Start of RAW DATA
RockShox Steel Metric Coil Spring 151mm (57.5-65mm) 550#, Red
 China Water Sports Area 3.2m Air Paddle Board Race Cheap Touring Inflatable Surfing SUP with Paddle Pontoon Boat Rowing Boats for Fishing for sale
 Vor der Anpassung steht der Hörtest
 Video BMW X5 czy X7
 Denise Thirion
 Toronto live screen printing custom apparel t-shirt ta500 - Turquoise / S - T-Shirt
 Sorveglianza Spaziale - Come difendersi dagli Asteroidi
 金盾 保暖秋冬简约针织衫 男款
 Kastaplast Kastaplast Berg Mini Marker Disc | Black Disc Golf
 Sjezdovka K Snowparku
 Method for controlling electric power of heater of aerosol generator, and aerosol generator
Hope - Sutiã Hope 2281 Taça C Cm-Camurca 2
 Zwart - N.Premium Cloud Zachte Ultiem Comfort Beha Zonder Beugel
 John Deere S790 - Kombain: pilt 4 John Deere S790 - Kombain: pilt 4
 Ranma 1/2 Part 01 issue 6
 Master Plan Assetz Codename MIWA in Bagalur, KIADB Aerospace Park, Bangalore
End of RAW DATA
■ WHAT YOU HAVE TO DO:
Up to and including the last line above, starting with the line that contains "Vor der Anpassung steht der Hörtest", return each line exactly and nothing else.

■ EXERCISE ANSWER:
 Vor der Anpassung steht der Hörtest
 Video BMW X5 czy X7
 Denise Thirion
 Toronto live screen printing custom apparel t-shirt ta500 - Turquoise / S - T-Shirt
 Sorveglianza Spaziale - Come difendersi dagli Asteroidi
 金盾 保暖秋冬简约针织衫 男款
 Kastaplast Kastaplast Berg Mini Marker Disc | Black Disc Golf
 Sjezdovka K Snowparku
 Method for controlling electric power of heater of aerosol generator, and aerosol generator
Hope - Sutiã Hope 2281 Taça C Cm-Camurca 2
 Zwart - N.Premium Cloud Zachte Ultiem Comfort Beha Zonder Beugel
 John Deere S790 - Kombain: pilt 4 John Deere S790 - Kombain: pilt 4
 Ranma 1/2 Part 01 issue 6
 Master Plan Assetz Codename MIWA in Bagalur, KIADB Aerospace Park, Bangalore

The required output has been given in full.